Après 132 ans d’occupation coloniale, ce fut une très grande victoire pour notre peuple. Mais ce n’était pas gagné pour autant. La ploutocratie accrochée de toutes ses griffes au maintien de l’Algérie française, escomptant le soutien d’une partie de l’armée française va se déchaîner pour faire capoter le cessez-le-feu et les Accords auxquels étaient parvenus les représentants du gouvernement français et ceux du GPRA à l’issue de longs mois de négociations plusieurs fois interrompues à cause des manoeuvres de dernière minute de la partie française qui tentait jusqu’au bout à diviser les Algériens et à arracher le maximum de privilèges à un colonisateur incapable de venir à bout de l’héroïque combativité du peuple algérien.
Durant les trois mois qui suivirent, l’organisation criminelle et fasciste OAS créée en 1961 par les ultra-colonialistes, assassinera des milliers de nos concitoyens. Un mort tous les 10 m sur les trottoirs des grandes villes, Alger et Oran en particulier. Faire sauter des magasins appartenant à des compatriotes, mais aussi aux quelques éléments européens désirant continuer à vivre dans leur pays natal dans un Etat algérien, organiser le chaos dans toutes les régions du pays où elle était présente, en brûlant tous les archives et en détruisant les édifices publics, etc. Et d’autres crimes abominables sans nom. Après ce pogrom contre notre peuple, le référendum de l’indépendance fut organisé le 1er juillet. Le résultat ne faisait aucun doute. Notre peuple entérinera l’indépendance à 99,9%. Le glas du colonialisme avait sonné.

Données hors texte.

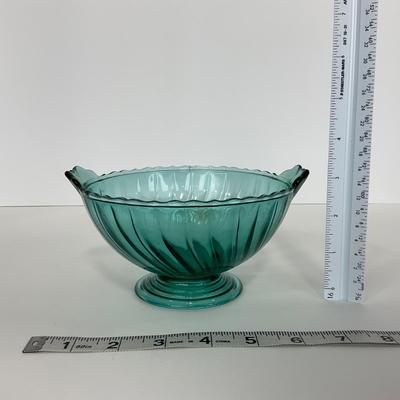 -89- GLASSWARE | Swirl Jeanette Glass Co. | Ultra Marine Two Handled Bowl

Il faut avoir participer à la liesse les jours qui suivirent la proclamation de l’indépendance pour comprendre ce que furent pour notre peuple ces moments inoubliables, gravés de façon indélébile dans la mémoire des Algériens qui avaient vécu dans leur chaire l’oppression coloniale et enduré tant de souffrances et de misères pendant ces 132 ans d’occupation barbare. Des millions de nos compatriotes sont sortis dans les rues de partout, dans les villes comme dans les villages les plus reculés de la campagne, des jeunes hommes, des jeunes filles, des enfants, des vieux et des vielles qui tenaient à peine debout. Ça chantait et ça dansait sa jusqu’à épuisement. Un mélange époustouflant où toutes les coutumes ancestrales tolérèrent que des femmes dansassent jours et nuits au milieu des hommes. Une forêt de drapeaux recouvrait cette immense foule baignant dans un bonheur indicible. C’était une joie intense de tout un peuple sans haine ni violence. Il manifestait tout simplement de bonheur dans la liberté retrouvée.
Certains qui, parmi les jeunes, sont incités à dénigrer leur pays par méconnaissance ou à le quitter, devraient voir et revoir les scènes de toute cette foule immense pour méditer le pourquoi d’une joie d’une telle intensité et le bonheur de tout un peuple, rarement observés ailleurs.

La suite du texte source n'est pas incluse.